Review: Uncle Vanya (Harold Pinter Theatre)

Richard Armitage returns to the stage to feature in Conor McPherson’s new version of the iconic play, with Toby Jones in the titular role

Richard Armitage and Aimee Lou Wood in Uncle Vanya
Richard Armitage and Aimee Lou Wood in Uncle Vanya
© Johan Persson

There was an audible sob coming from somewhere near me at the conclusion of Uncle Vanya. I had a lump in my throat. When a play written in 1898 can make you feel so deeply, then you know you are witnessing something very special – especially since earlier in the evening you have been convulsed with wry laughter.

What director Ian Rickson and his adaptor the Irish playwright Conor McPherson have done is to strip Chekhov of all the barriers that make him seem like a 19th century playwright. This production of Uncle Vanya makes it seem as accessible as a TV drama, without ever betraying the great, melancholy, insightful soul that has made the play last for as long as it has. It is radical and revelatory without ever being gimmicky or insensitive.

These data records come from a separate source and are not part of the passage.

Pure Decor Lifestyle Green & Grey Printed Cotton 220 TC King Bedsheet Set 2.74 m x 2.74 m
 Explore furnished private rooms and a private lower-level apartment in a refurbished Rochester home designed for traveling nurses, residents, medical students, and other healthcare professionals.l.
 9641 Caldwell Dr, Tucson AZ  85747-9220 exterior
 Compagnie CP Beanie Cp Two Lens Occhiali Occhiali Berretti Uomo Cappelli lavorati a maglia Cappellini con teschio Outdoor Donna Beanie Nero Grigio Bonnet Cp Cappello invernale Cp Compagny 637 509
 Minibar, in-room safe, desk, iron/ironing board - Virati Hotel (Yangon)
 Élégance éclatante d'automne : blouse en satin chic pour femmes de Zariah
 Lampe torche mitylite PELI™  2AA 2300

Its easy beauty begins with Rae Smith's set which she describes in the programme as a "space of ideas". Instead of offering a realistic view of the country estate where Vanya and his niece Sonya spend their days making money for Sonya's father Professor Serebryakov to spend on his scholarly pursuits, she creates a room where the pipework is exposed, and trees poke through the huge windows. It is old and new, exposed to the elements and a part of them, as timeless as the costumes the characters wear.

McPherson's translation pulls off a similar feat of magical reinvention. It sounds so fresh and so vital that I thought it must have involved huge alteration; in fact, what he has done is trim and polish the language a new robust form. Toby Jones' Vanya talks about "wanging on", and "stuffing my face with snacks" but the sentiments of the text are unchanged. It is also incredibly funny, both full of verbal lightness and broader elements such as a hilarious drinking scene where Richard Armitage's disillusioned doctor Astrov, Vanya and the old hanger-on Telegin (Peter Wight) crawl under a sideboard in search of fresh supplies while repeating the word "Awight".

This directness allows us to see the play anew. Vanya can, in some productions, feel like a play in which a lot of people sit around and moan about wasting their lives. Here it becomes a drama of missed chances, of people taking the wrong decisions which leave them beached and desperate but trying to put a good face on things. Nowhere is this more true than of Yelena, Serebryakov's young and beautiful second wife, whose languorous presence precipitates passion in both Vanya and Astrov. She is often just a decorative, drawling thing; Rosalind Eleazar preserves her luminosity but makes her seethe with suppressed fury at the mistakes she has made. Her farewell to Astrov, when instead of kissing him, she wraps her body around him is as sensational as it is unexpected.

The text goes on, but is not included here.